TASK REQUIREMENTS »
For the data that follows, print the line with "Интернет в гуманитарном образовании", the line with "HanTing Hotel (Bochishan Park)", and all lines between them, exactly as they stand. Omit pictures and add nothing.

SOURCE MATERIAL »
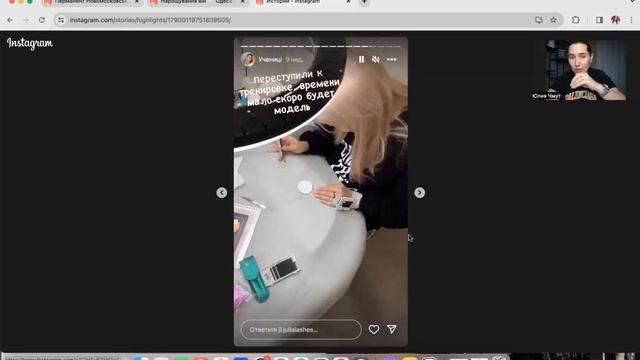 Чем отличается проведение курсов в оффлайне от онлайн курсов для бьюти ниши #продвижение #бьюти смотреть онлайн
* * *
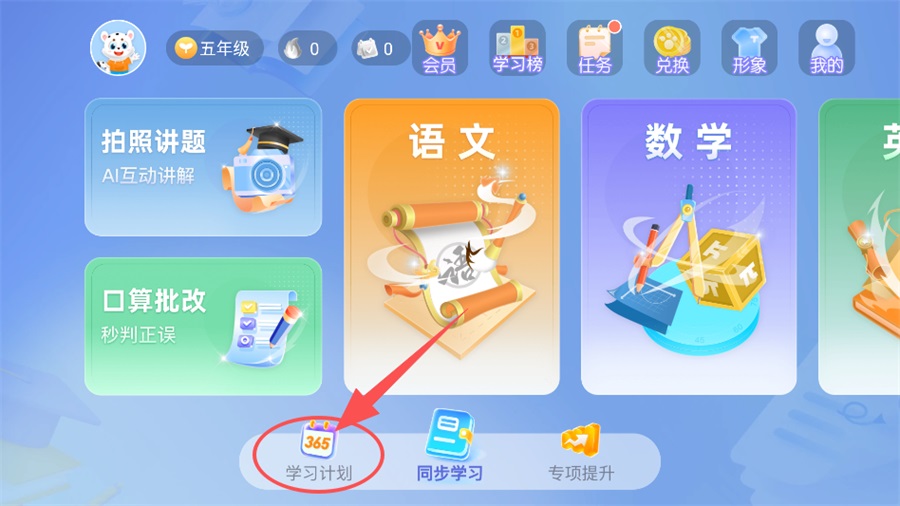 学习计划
==
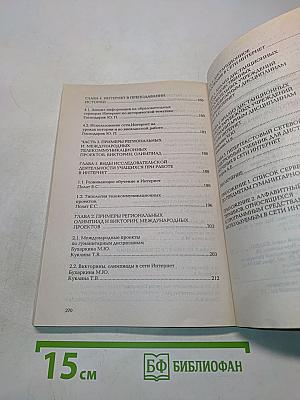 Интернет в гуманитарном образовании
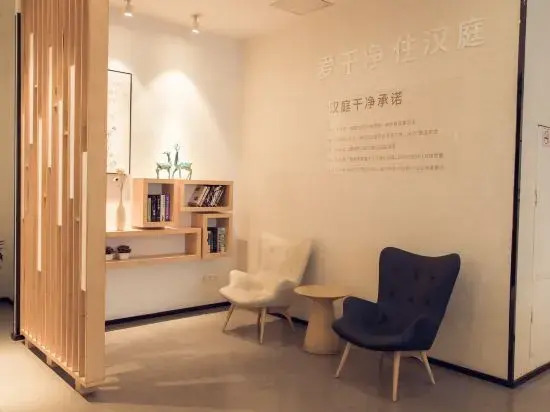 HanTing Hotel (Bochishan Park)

ANSWER SECTION »
 Интернет в гуманитарном образовании
 HanTing Hotel (Bochishan Park)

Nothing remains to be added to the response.